PROMPT> The answer must reproduce the listing exactly, with every picture left out.

PROVIDED ENTRIES section start

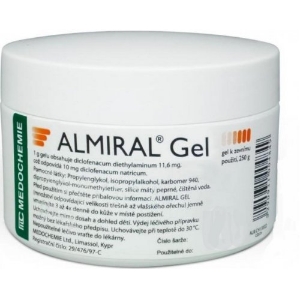 АЛМИРАЛ ГЕЛ 1,16% 250 g  ALMIRAL  Gel 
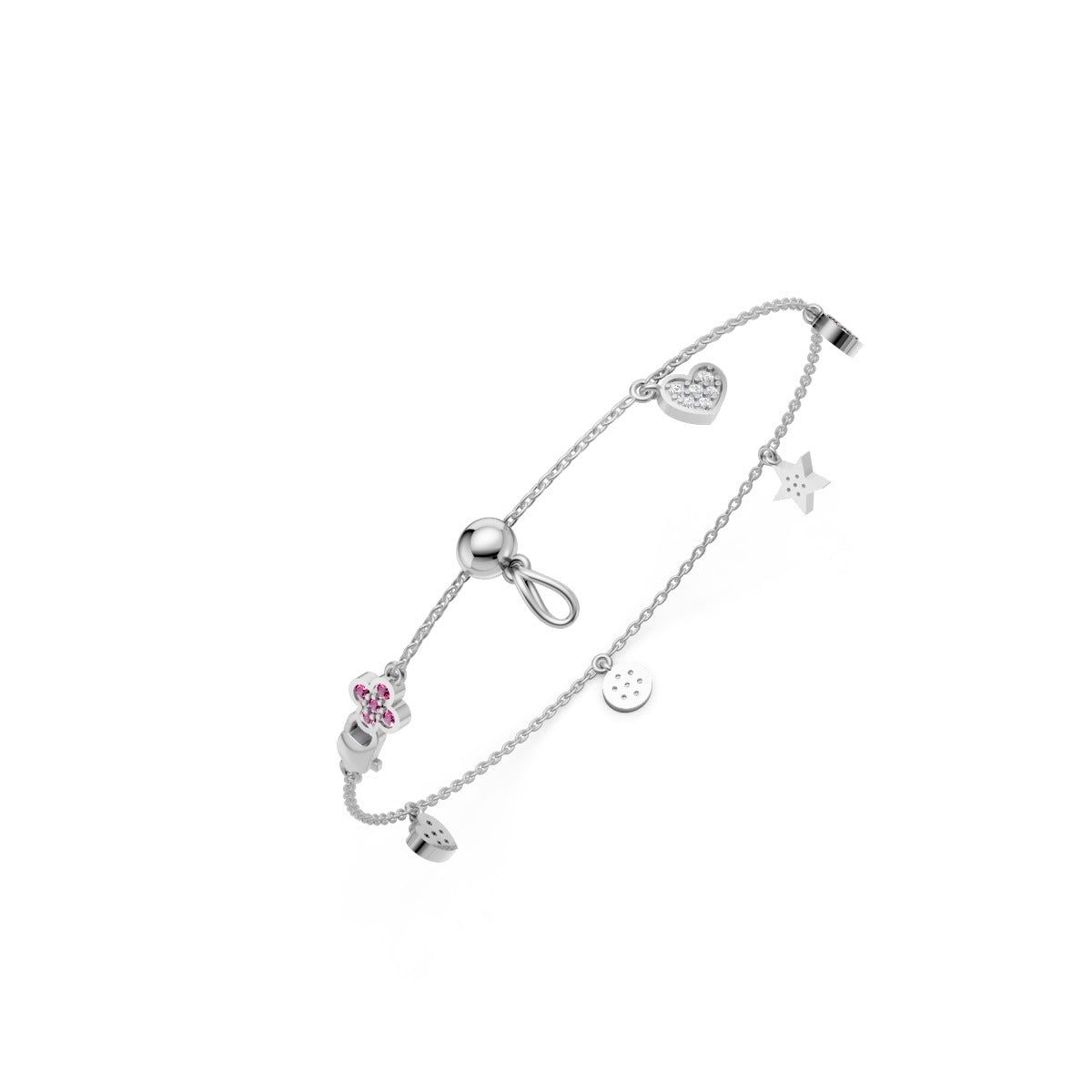 Amulet Glow Diamond Bracelet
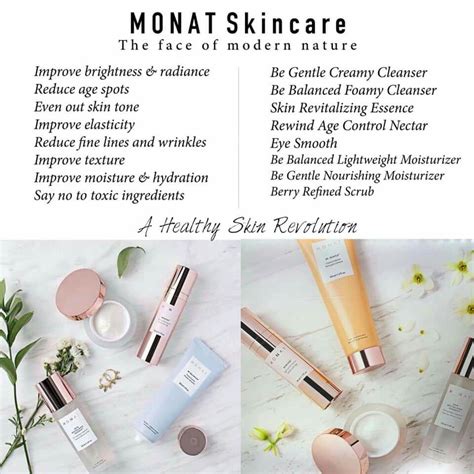 Monats New Skin Care Products And Routines Monat Skin Care Monat
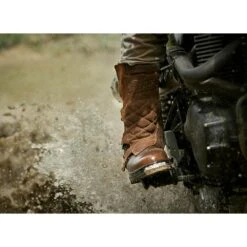 FUEL Motorradstiefel Dust Devil - Wasserdicht, Braun -ONeal Verkaufsgeschäft fuel motorcycle boots dust devil 12 1280x1280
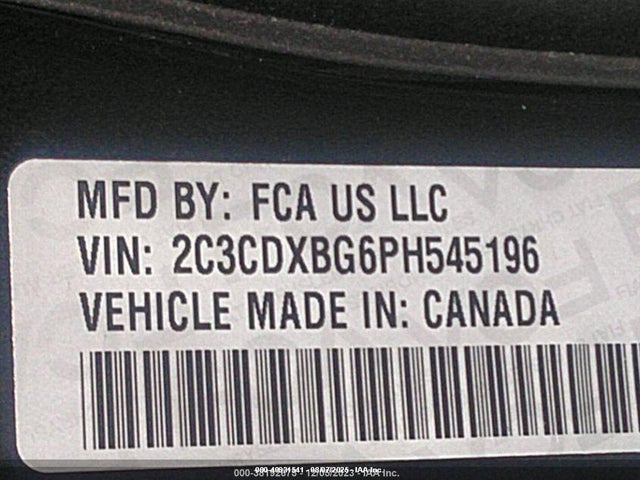 Dodge Charger 2023 2C3CDXBG6PH545196 Image 8
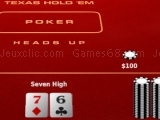 Jeu texas holdem poker heads up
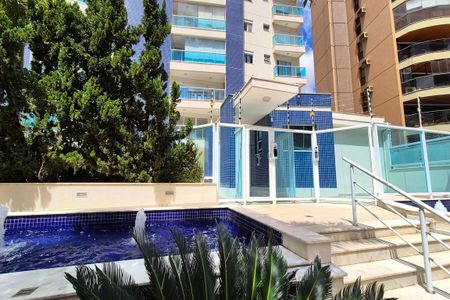 Apartamento à venda com 112m², 3 quartos e 2 vagasFachada e Portaria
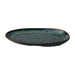 Churchill Envisage Cascade Sapphire Blue Natural Oblong Plates 219x130mm (6 Pack) Churchill Super Vitrified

PROVIDED ENTRIES section end

ANSWER>
 АЛМИРАЛ ГЕЛ 1,16% 250 g  ALMIRAL  Gel 
 Amulet Glow Diamond Bracelet
 Monats New Skin Care Products And Routines Monat Skin Care Monat
 FUEL Motorradstiefel Dust Devil - Wasserdicht, Braun -ONeal Verkaufsgeschäft fuel motorcycle boots dust devil 12 1280x1280
 Dodge Charger 2023 2C3CDXBG6PH545196 Image 8
 Jeu texas holdem poker heads up
 Apartamento à venda com 112m², 3 quartos e 2 vagasFachada e Portaria
 Churchill Envisage Cascade Sapphire Blue Natural Oblong Plates 219x130mm (6 Pack) Churchill Super Vitrified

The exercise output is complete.